A lottery on steroids.

DOLLY FAIBYSHEV / PIETER HUGO
This article appeared in issue #112, now available in our Blueprint for a New World Series Box Set.

My mother was an immigrant from Egypt, and she was brought to this country because people believed in the American Dream, which is that America is like the lottery on steroids – everyone wins big.

Anyway, that first memory I had was being carried by my mother through the streets of Santa Monica, California, at some big-haired point in the late 80s and being taken into one of those places like a jamboree. One of those places where expectant and new mothers go to learn and do things with their babies.

Well, I 
remember going by this place, and seeing from the outside a circle of women with 
their infants doing some kind of game that involved singing and clapping their hands.

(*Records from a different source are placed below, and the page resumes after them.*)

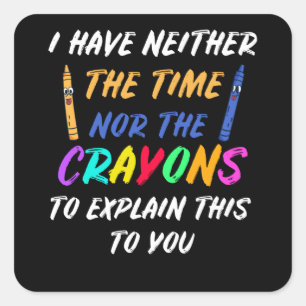Ik heb noch de tijd noch de krayons vierkante sticker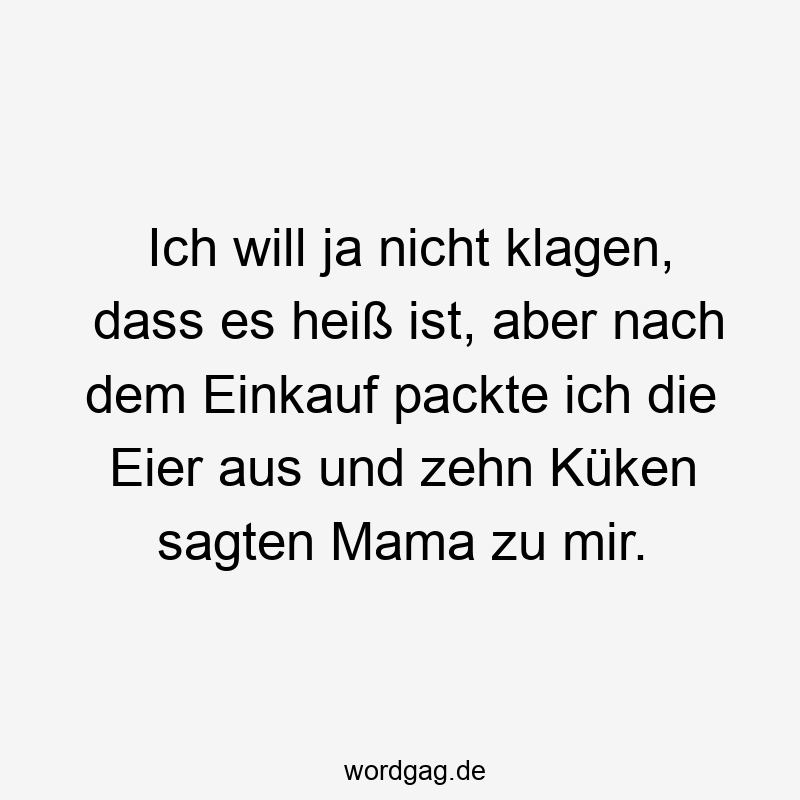 Ich will ja nicht klagen, dass es heiß ist, aber nach dem Einkauf packte ich die Eier aus und zehn Küken sagten Mama zu mir.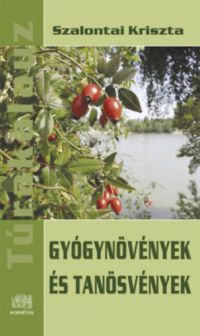 Szalontai Kriszta - Gyógynövények és tanösvények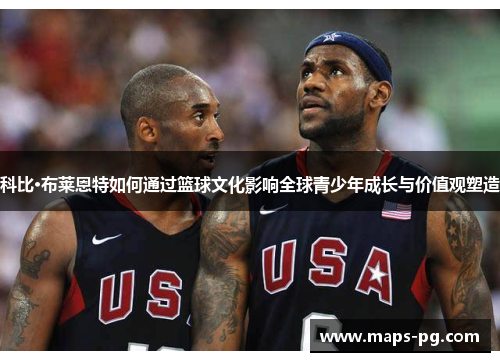 科比·布莱恩特如何通过篮球文化影响全球青少年成长与价值观塑造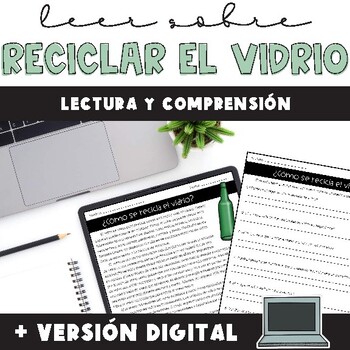 Preview of Spanish Reading Comprehension - Recycling Glass | Print & Digital Resource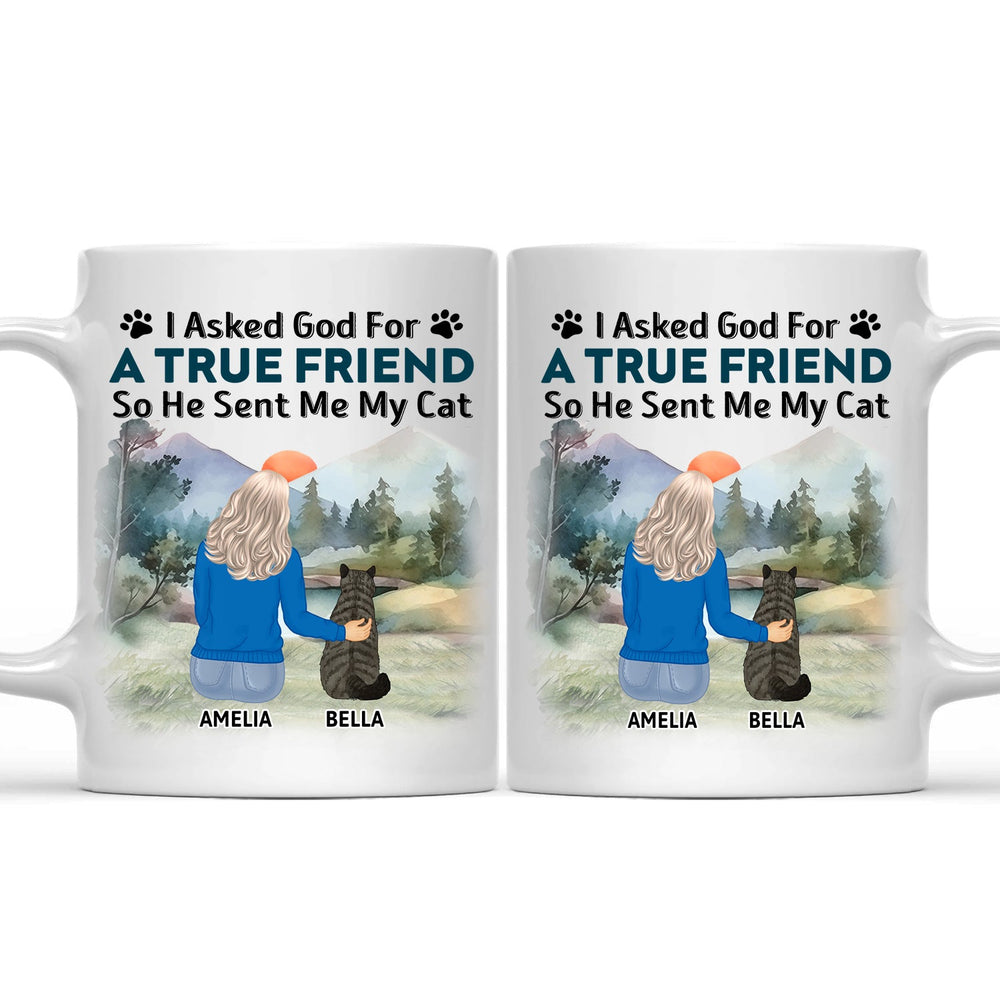 I Asked God For A True Friend - Gift For Cat Lovers, Cat Mom, Cat Dad - Personalized Mug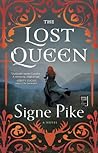 The Lost Queen by Signe Pike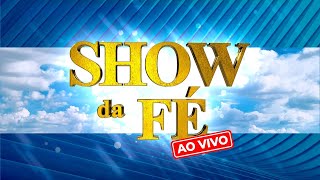 Show da Fé AO VIVO , Domingo às 09H (22/12/2024)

My mother walked in off the street and joined their circle. I remember the looks of horror on those upper-middle class women’s faces to see my little minority mother walking in there smiling and laughing like the rest of them and holding my little wrists to clap my hands in time with the music.

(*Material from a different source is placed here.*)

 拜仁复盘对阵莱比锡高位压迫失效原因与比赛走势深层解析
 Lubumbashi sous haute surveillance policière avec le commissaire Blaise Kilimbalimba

Then there was a little bit of language I couldn’t understand because my pre-frontal cortex was still about the consistency of pudding, the music stopped and suddenly we were back walking on the sidewalk and my mother was crying.

I learned that day that the world I now inhabited was a very strange one that had some desolate and alien god that lived on paper and ruled the world with an iron fist. And from my position in the universe, the very act of my existence had angered this nameless demon god, and that the only way to exist would be to fall down and worship it by some kind of sacrifice unknown to me.